Around the world, the volume of data that scientists and corporations are collecting is accelerating at a rapid pace. These volumes of data quickly outpace the traditional relational databases that have been used to store and query this data in the past, and the world is rapidly replacing these systems with NoSQL data stores such as Apache Accumulo.

Previously, analysts who have been able to run SQL queries to analyze their data had to transform and adapt their analytics to more cumbersome languages and frameworks such as Java with Apache MapReduce or Scala with Apache Spark. Today, with the high-performance Apache Accumulo connector for Presto, we bring back the accessibility and ease of being able to execute traditional SQL queries to the NoSQL Big Data age.

In this presentation, we will discuss how the connector abstracts away common design patterns for interacting with data stored in Accumulo. Through the use of server-side iterators and secondary indexing, the connector can project a SQL interface onto their large data sets. This enables applications, data consumers, and data scientists to run production and ad-hoc queries against large data sets using SQL. When issuing queries with fine-grained predicates, the connector can skip scanning the entire Accumulo table and use the built-in indexing scheme to quickly retrieve data from Accumulo. Additionally, through the use of external tables and the built-in or custom serializer framework, the connector is able to query data stored in existing Accumulo tables.

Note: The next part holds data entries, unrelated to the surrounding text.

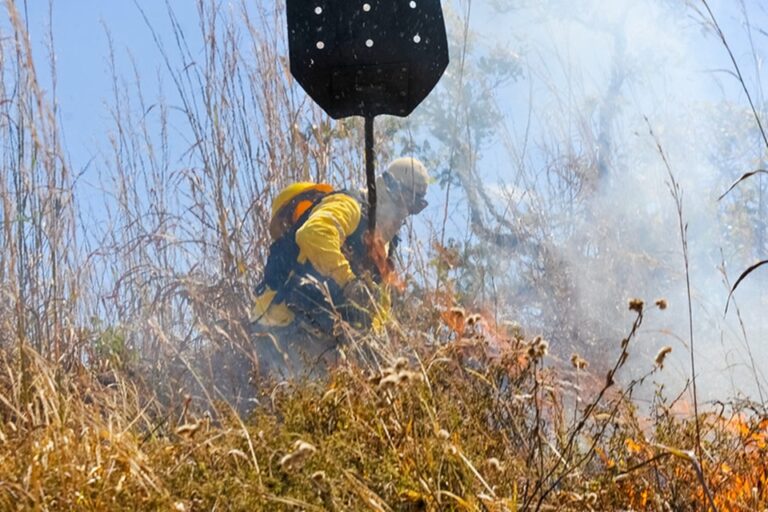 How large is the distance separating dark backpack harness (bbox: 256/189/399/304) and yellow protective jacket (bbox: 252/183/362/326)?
0.03m

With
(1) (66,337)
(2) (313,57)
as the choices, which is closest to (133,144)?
(1) (66,337)

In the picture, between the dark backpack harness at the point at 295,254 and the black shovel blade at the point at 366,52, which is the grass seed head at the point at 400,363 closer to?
the black shovel blade at the point at 366,52

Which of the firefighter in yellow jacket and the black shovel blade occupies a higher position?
the black shovel blade

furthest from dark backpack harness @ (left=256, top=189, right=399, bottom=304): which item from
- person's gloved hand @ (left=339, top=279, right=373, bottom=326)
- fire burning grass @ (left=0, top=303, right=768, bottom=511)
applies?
fire burning grass @ (left=0, top=303, right=768, bottom=511)

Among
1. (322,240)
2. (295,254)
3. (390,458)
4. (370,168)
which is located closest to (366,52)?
(370,168)

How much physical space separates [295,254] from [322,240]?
6.8 inches

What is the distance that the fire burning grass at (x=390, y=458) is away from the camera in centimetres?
212

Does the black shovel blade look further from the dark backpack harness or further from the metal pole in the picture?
the dark backpack harness

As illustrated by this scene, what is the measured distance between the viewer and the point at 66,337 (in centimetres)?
449

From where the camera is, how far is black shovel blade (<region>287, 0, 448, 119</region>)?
4008 mm

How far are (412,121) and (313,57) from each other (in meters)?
3.87

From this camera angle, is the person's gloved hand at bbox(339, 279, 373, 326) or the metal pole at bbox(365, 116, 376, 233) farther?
the person's gloved hand at bbox(339, 279, 373, 326)

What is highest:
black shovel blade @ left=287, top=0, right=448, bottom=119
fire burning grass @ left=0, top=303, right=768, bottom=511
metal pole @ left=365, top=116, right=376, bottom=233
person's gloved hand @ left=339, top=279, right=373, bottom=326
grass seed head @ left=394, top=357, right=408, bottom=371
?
black shovel blade @ left=287, top=0, right=448, bottom=119

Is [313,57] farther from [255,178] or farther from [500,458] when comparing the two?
[500,458] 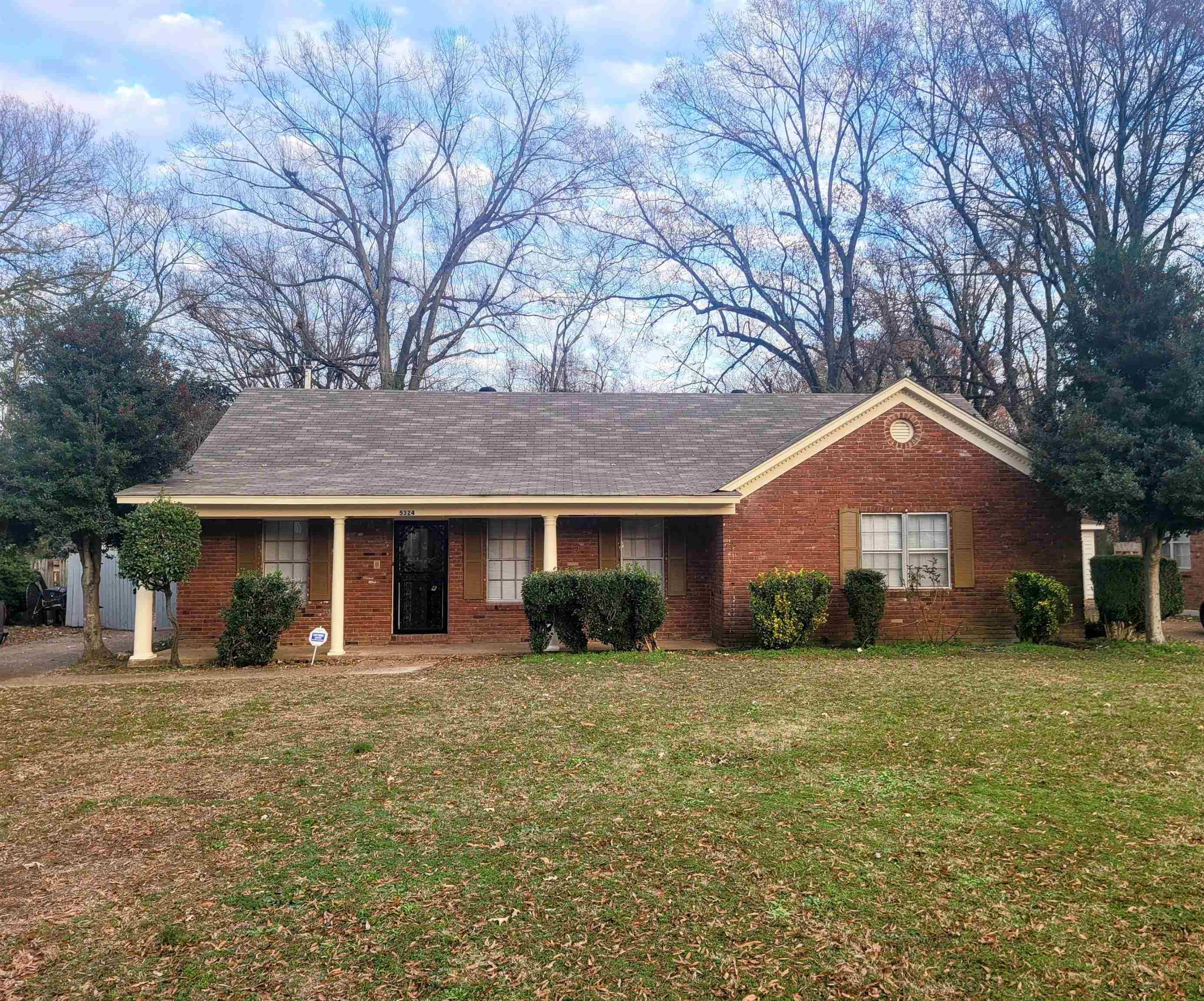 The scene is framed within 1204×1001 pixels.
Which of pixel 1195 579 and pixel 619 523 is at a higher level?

Finally, we will discuss the use cases at Bloomberg that led to the creation of the connector and discuss how it is being used in production today.

Speakers

Adam Shook
Principal Consultant, Datacatessen
Adam Shook is Founder and Principal Consultant at Datacatessen, LLC, a boutique big data solutions company specializing in data architecture and engineering. Shook graduated with a B.S. in Computer Science from the University of Maryland Baltimore County (UMBC) and took a job building a new high-performance graphics engine for a game studio. Looking for new challenges, he enrolled in the Computer Science graduate program at UMBC focusing on distributed computing technologies. Shook has worked on developing a wide variety of data applications and analytics deployed on large-scale production data platforms in both the commercial and government spaces. He is involved in developing and instructing graduate and undergraduate courses at UMBC, preparing young minds to work with big data. He spends what little free time he has playing video games and homebrewing.
Dan Sun
Tech Leader, Bloomberg
Dan Sun is the Tech Leader at Bloomberg Bvault surveillance team, and is responsible for building the next-generation real-time surveillance application which uses Mesos, Kafka, Storm, and Accumulo as the big data technology stack.